The legislative fix that has just been unveiled in Canberra is more than a week late and leaves most of the problem unaddressed.
This package should have been before parliament at 4.37pm on Wednesday last week – one minute after the High Court announced it was striking down parts of the Migration Act.
This had the effect of freeing foreign murderers, rapists and assorted wrongdoers that the government was unable to deport.
The government’s lawyers knew those provisions were under challenge. They would have known that the principle underpinning that challenge – the separation of powers – had formed the basis for other successful challenges, one as recently as November 1. They would have known there was a risk the court might release its ruling immediately, with reasons to come in due course, in order to end what was asserted to be the unlawful detention of the plaintiff, a child rapist known as NZYQ.
Had this legislative package been unveiled on the day of the decision, it might have prevented an entirely foreseeable surge in concern about public safety and eliminated at least part of this week’s parliamentary attack on the government.
This is lawmaking on the run – a stop-gap measure that was cobbled together in a rush after Anthony Albanese was confronted in parliament with a demand to enact legislation on immigration detention. Under the bill presented to parliament, those who were freed from indefinite immigration detention will be subject to monitoring. Even if this does ease concern about public safety it is not a substantive remedy. It is the easiest part of the reforms that are now needed.
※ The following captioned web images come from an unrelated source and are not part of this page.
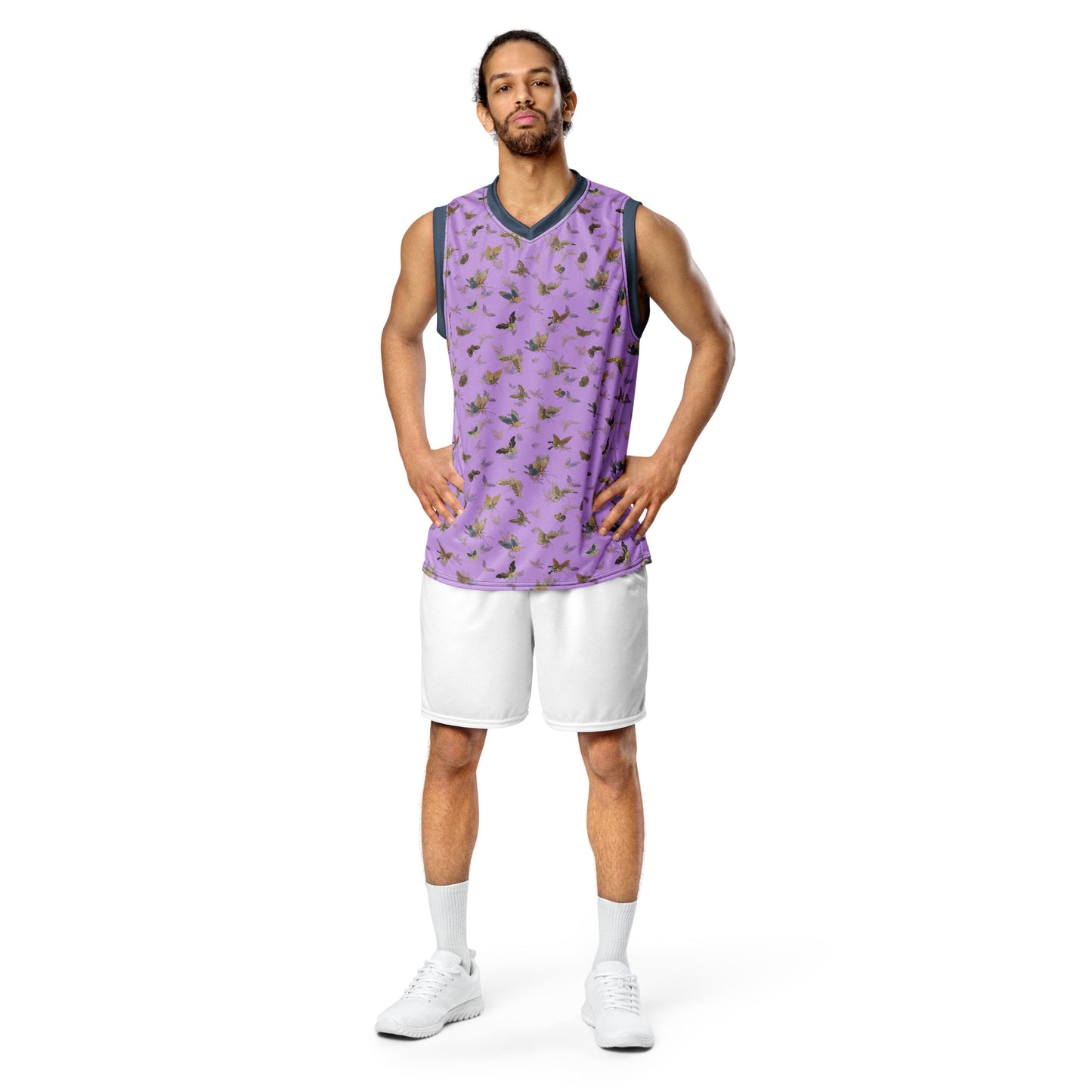 Butterfly dancing｜Recycled unisex basketball jersey｜Lilac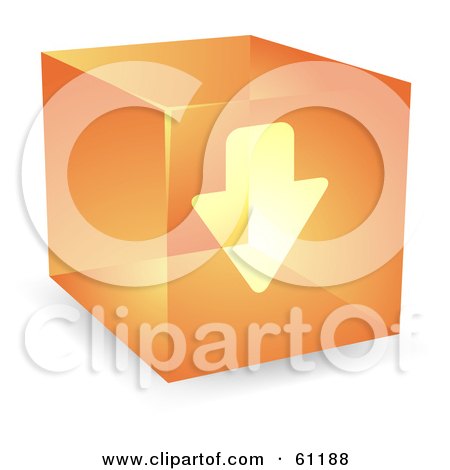 Royalty-free (RF) Clipart Illustration of a Transparent Orange 3d Download Arrow Cube by Kheng Guan Toh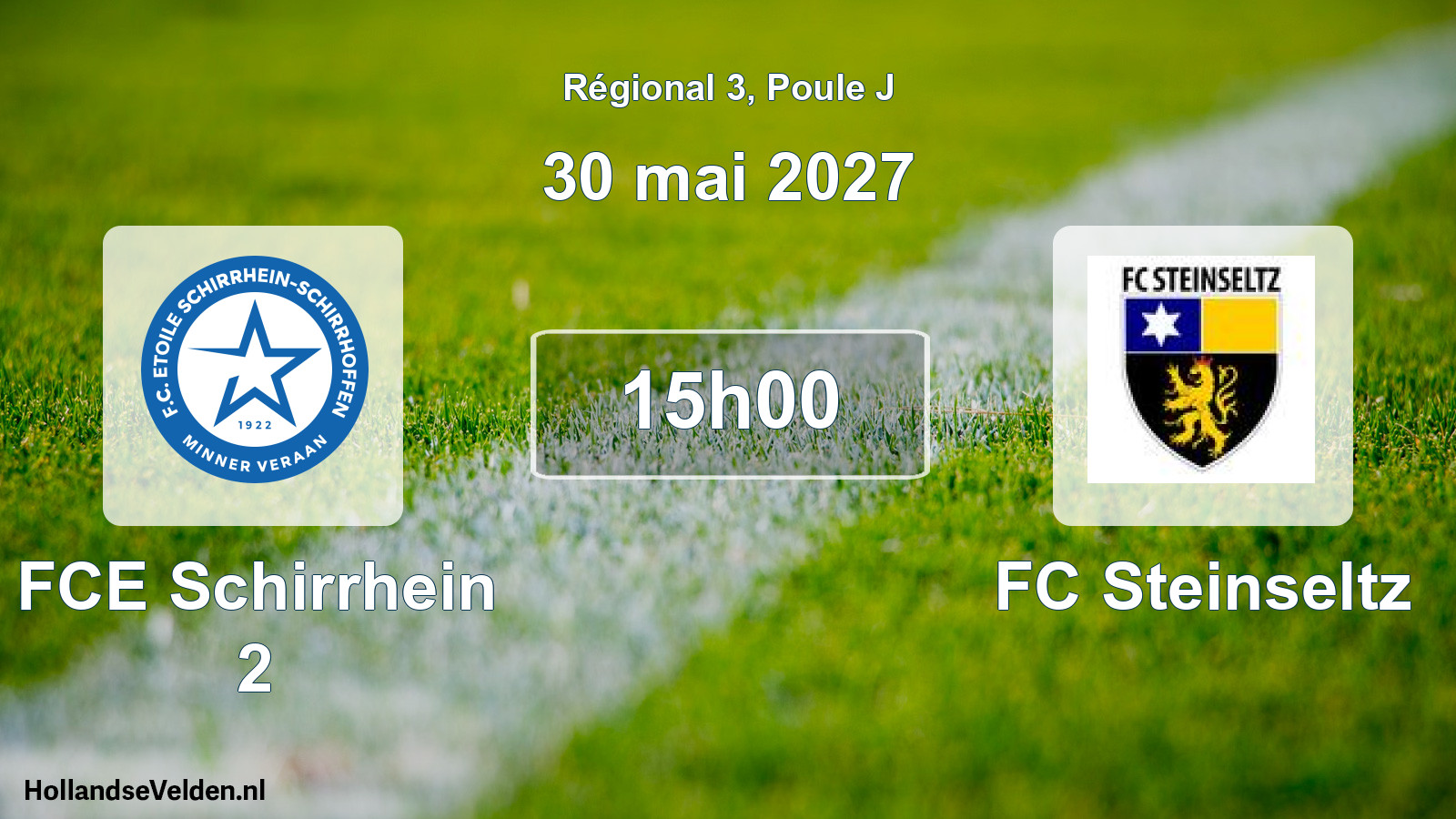 Match programmé: FCE Schirrhein 2 - FC Steinseltz (30 mai 2027)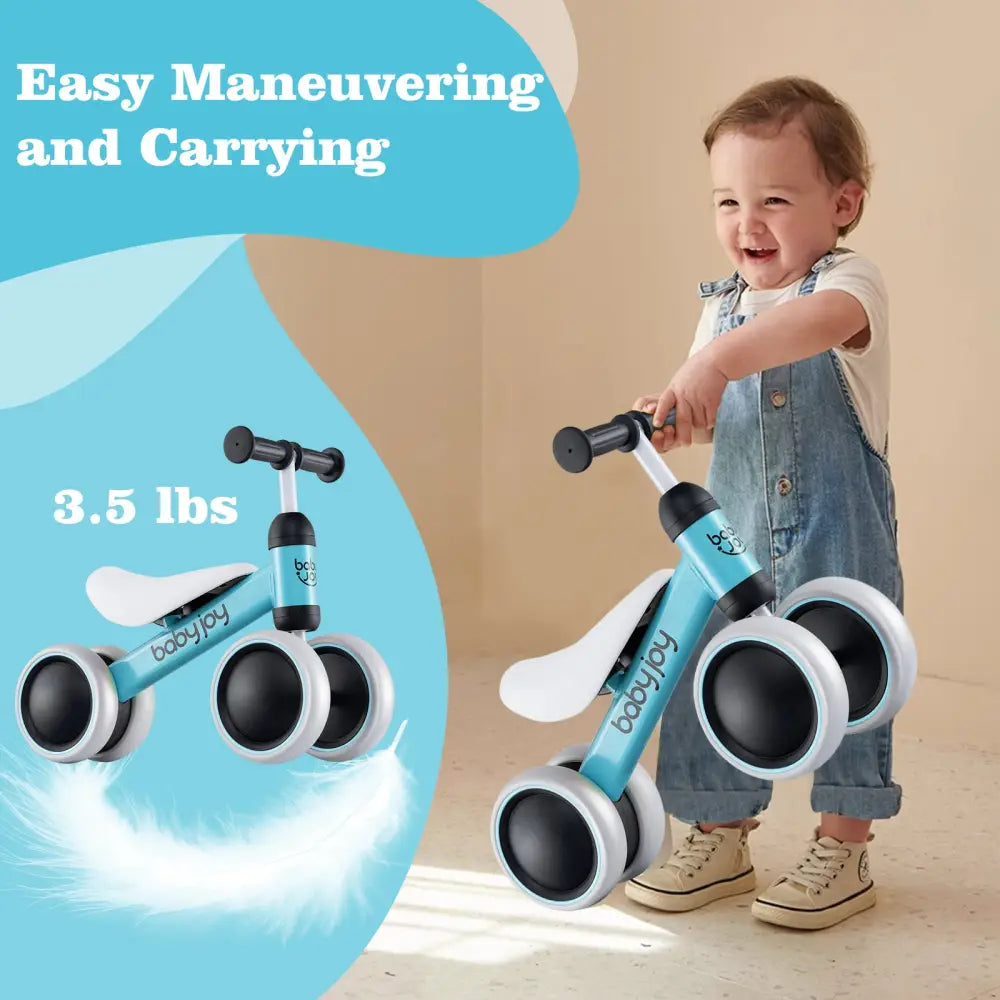 Baby Balance Bike for 2 Years Old Boys Girls No Pedal 4 Wheels-Blue - Blue - Balance Bikes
At this point, the government could never have hoped to produce a comprehensive remedy for the problems now afflicting the Migration Act. The government cannot address those issues until the court explains conclusively and in detail why two provisions in that statute are unconstitutional. When its reasons are made public, the government will need to make some very difficult decisions. How will it deal with the next cohort of foreign criminals who cannot be deported either because nobody will take them, or because they would face the death penalty? Will taxpayers be required to support them forever and simply get used to the idea that foreign murderers and rapists are to become part of the fabric of society?
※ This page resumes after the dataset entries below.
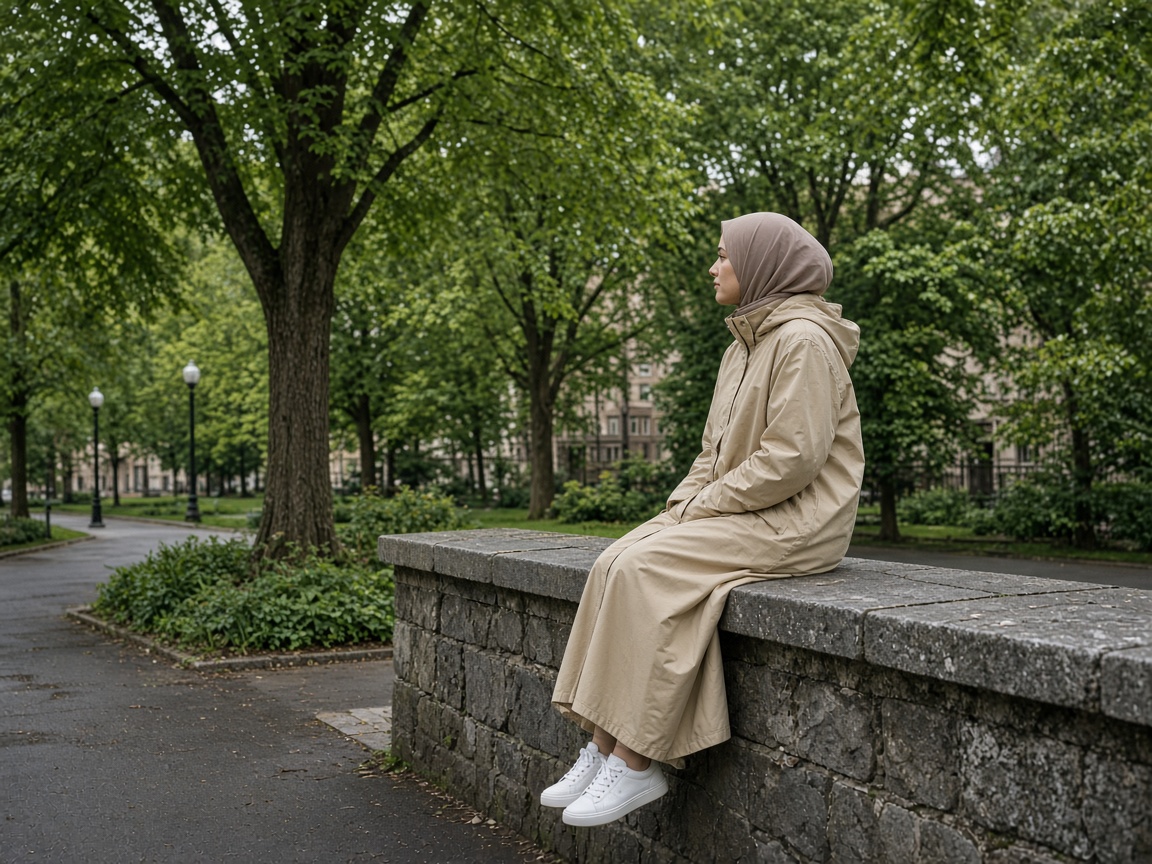 A person in a beige raincoat sitting on a stone wall in a city park looking at trees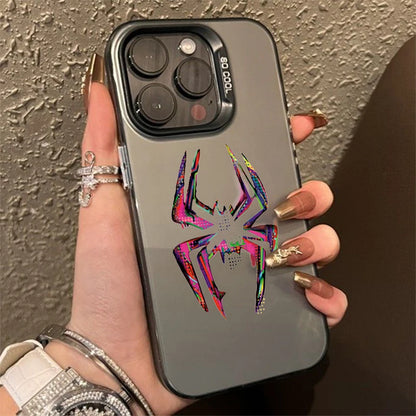 Color Spider Matte Laser Phone Case For iPhone 11 12 13 14 15 Pro Max XS X XR 7 8 15 Plus SE 2020 Shockproof Armour Bumper Cover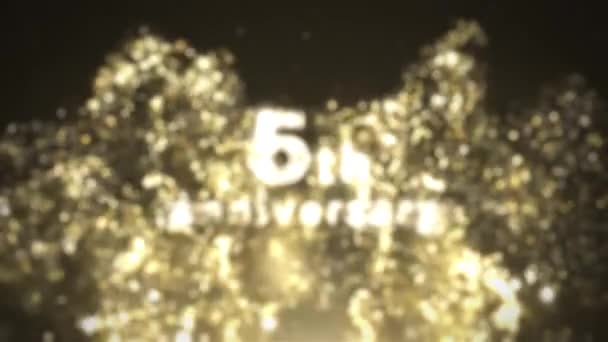 5Th Anniversary Greetings Gold Particular Congratulations Date — Stock Video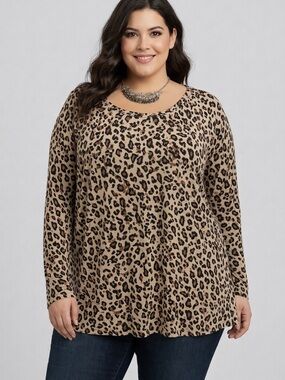 😍SHOW SPECIAL MAURICES Beige and Black Leopard Print Long Sleeve Tee 2X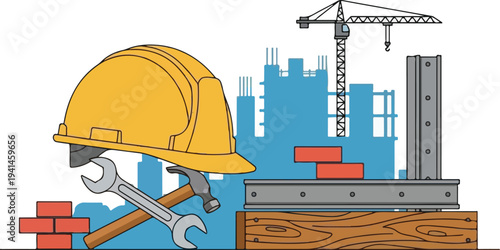 Construction site with tools, bricks, and buildings under development, symbolizing industry and progress.
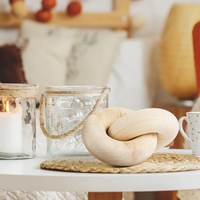 Maillon de chaîne rustique en bois sculpté à la main à 2 maillons pour objets décoratifs décoratifs pour la décoration intérieure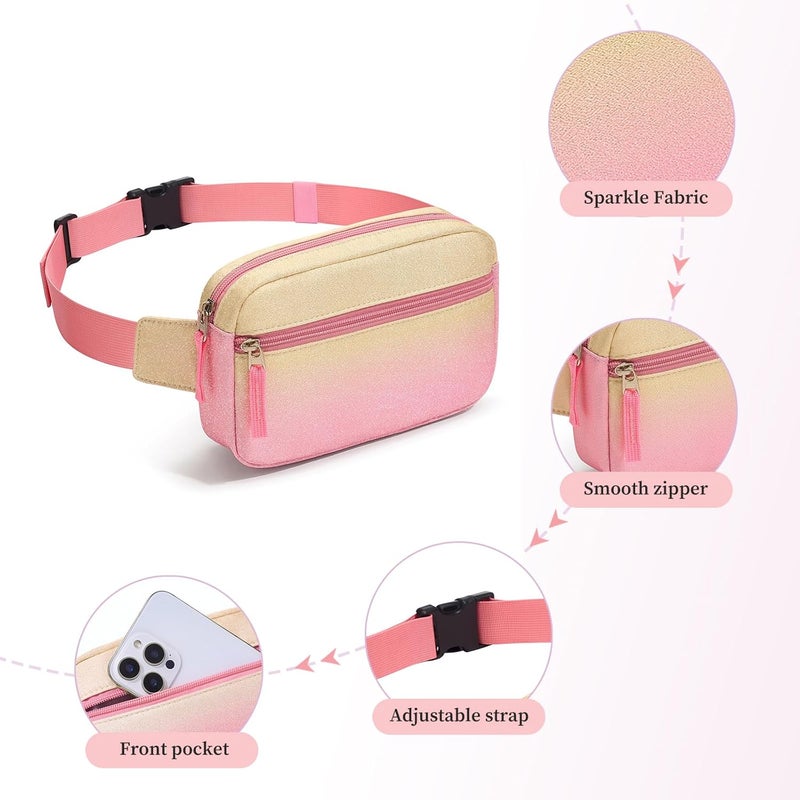 cotmcor Store Valentines Day Gifts for Kids: Fanny Pack Birthday Gift for 5 6 7 8 9 10 11 12 Year Old Teen Girls, Preppy Cute Trendy Stuff Colorblock Crossbody Bag Adjustable Belt Bags for Travel Outdoor - Image 5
The big issue awaiting the government is this: what if the court’s reasons contain suggestions on how indefinite detention could be restored in a way that passes constitutional muster? Would the Albanese government take up such a suggestion? And if it chose not to, how would this be received by those who are still coming to terms with the fact that foreign criminals are among us?
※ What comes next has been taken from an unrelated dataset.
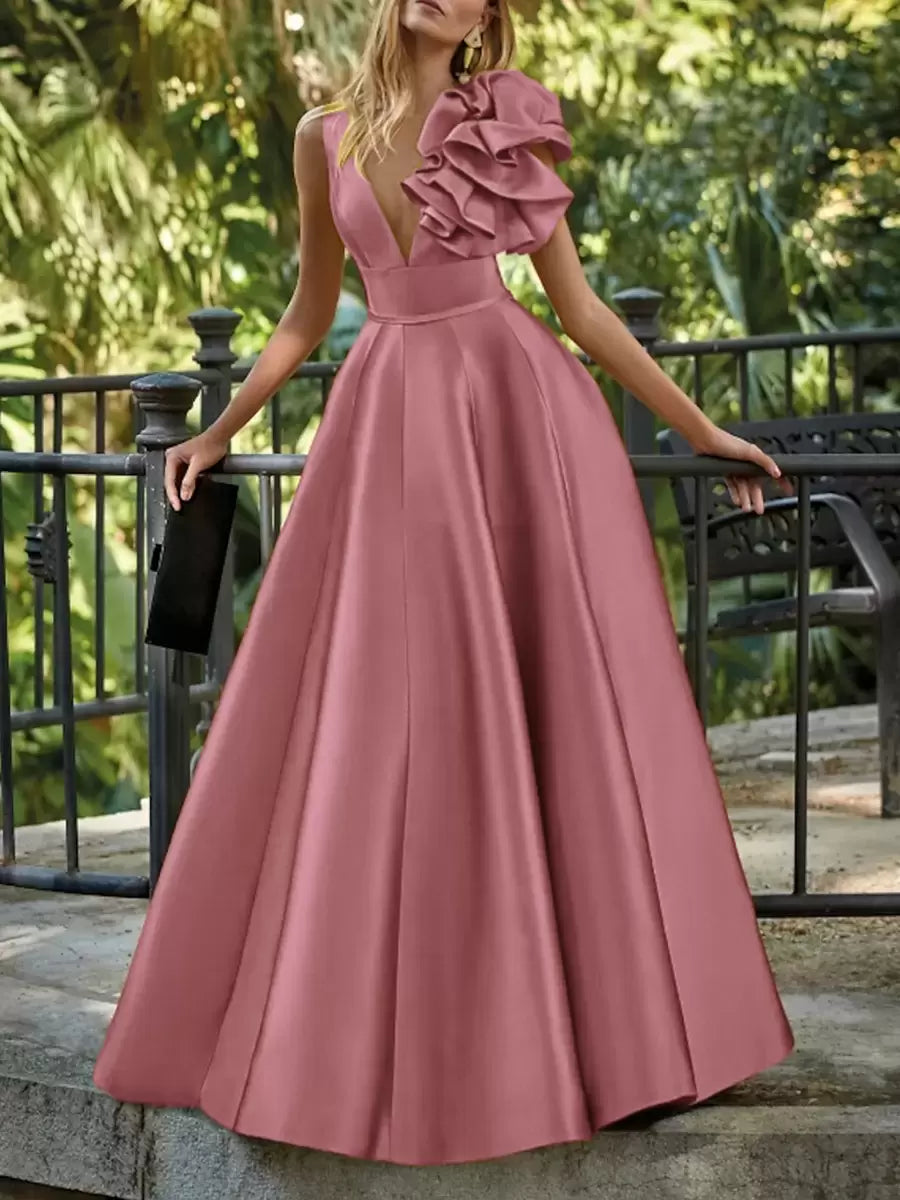 Elegant V-Neck Floor-Length Sleeveless Zipper Flowers Satin Ball Gown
It all depends on what those reasons might say. But here are some possibilities.
The transcript of the hearing and the submissions of the parties show that the big issue at the heart of this case was whether migration detention amounts to a punishment once it becomes apparent there is no reasonable prospect of deportation. This is critical because criminal punishment is the responsibility of the judiciary, not a minister or a public servant. Even if the court finds that indefinite detention is unconstitutional when it is imposed by a minister, that might not necessarily mean that indefinite detention for those awaiting deportation has been consigned to history. It could simply mean, for example, that the judicial power to impose criminal punishments – including indefinite detention – must be exercised by the judiciary, not the executive branch of government, if it is to withstand constitutional challenge.
For those in doubt, it might be worth consulting the leading judgement handed down on November 1 in the case involving Abdul Nacer Benbrika, a convicted terrorist who holds dual Australian and Algerian citizenship. The court considered the ministerial decision stripping Benbrika of his Australian citizenship amounted to a punishment that had been imposed by the government in addition to Benbrika’s judicially-imposed criminal sentence for terrorism offences. The court struck down part of the Citizenship Act that purported to give a minister the power to strip Benbrika of Australian citizenship.
But it also provided hints on how the law could be changed so other convicted terrorists could be stripped of their citizenship in a way that does not infringe the separation of powers. It made the point that a different law might empower a court to strip a terrorist of Australian citizenship as part of the punishment for terrorism offences. It suggested that the role of government could be to apply to a court asking the court to impose such a penalty.
If the court in the NZYQ case merely objects to the infringement of the judicial power, and not indefinite detention itself, the suggestions in the Benbrika judgement might be the way forward. A substantive remedy might be for the government to change the law so indefinite detention of those awaiting deportation can be imposed by a court after an application by the government stating that certain facts, as required by law, are present. It would then be up to a court to determine whether the government has discharged its evidentiary burden before the court imposed indefinite detention on those who, for whatever reason, could not be deported in the foreseeable future.
The practical consequences of the ruling in the NZYQ case are shocking.
But who is to blame? The government, which should have been on notice, or the judges who might well have insisted that punishments can only be imposed by courts, not politicians?